- **What you have to do**
Leaving the pictures aside, transcribe every line below exactly.
--- Data shown Enclosed Below ---
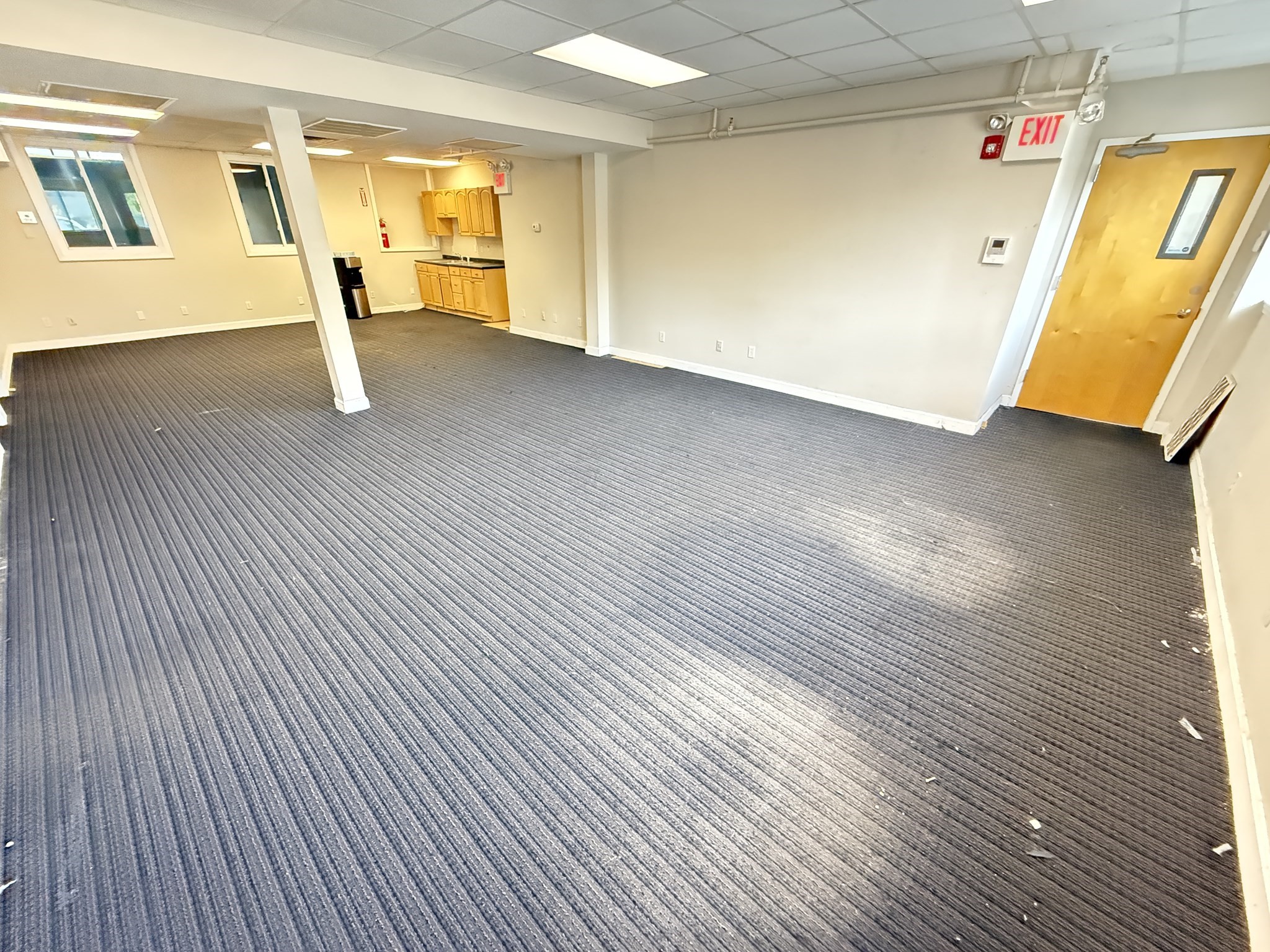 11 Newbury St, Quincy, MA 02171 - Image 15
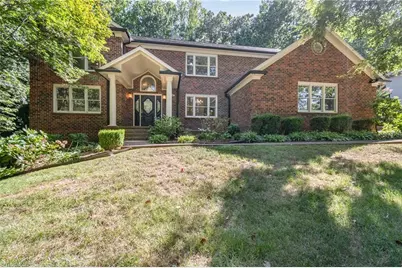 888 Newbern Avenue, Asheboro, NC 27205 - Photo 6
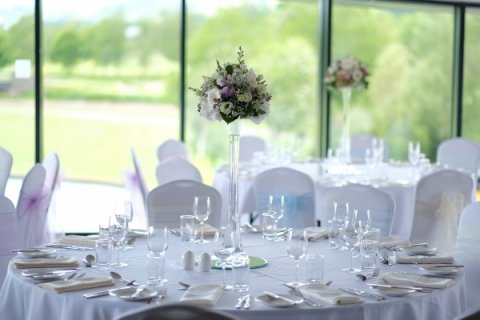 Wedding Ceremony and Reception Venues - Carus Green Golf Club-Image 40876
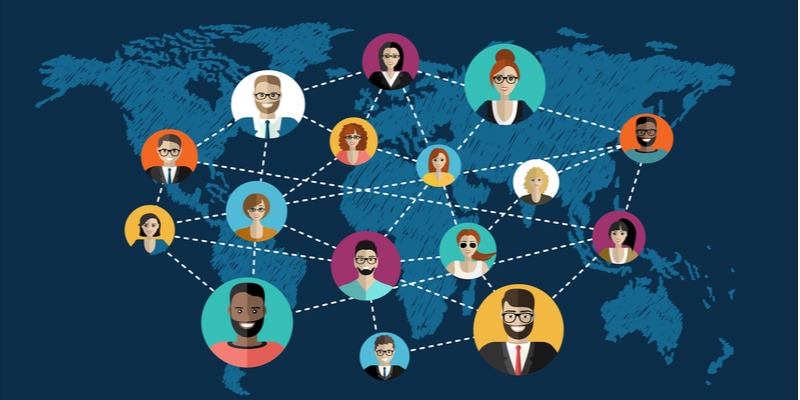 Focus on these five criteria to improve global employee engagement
--- End of Enclosed Data shown ---
- **Exercise result**
 11 Newbury St, Quincy, MA 02171 - Image 15
 888 Newbern Avenue, Asheboro, NC 27205 - Photo 6
 Wedding Ceremony and Reception Venues - Carus Green Golf Club-Image 40876
 Focus on these five criteria to improve global employee engagement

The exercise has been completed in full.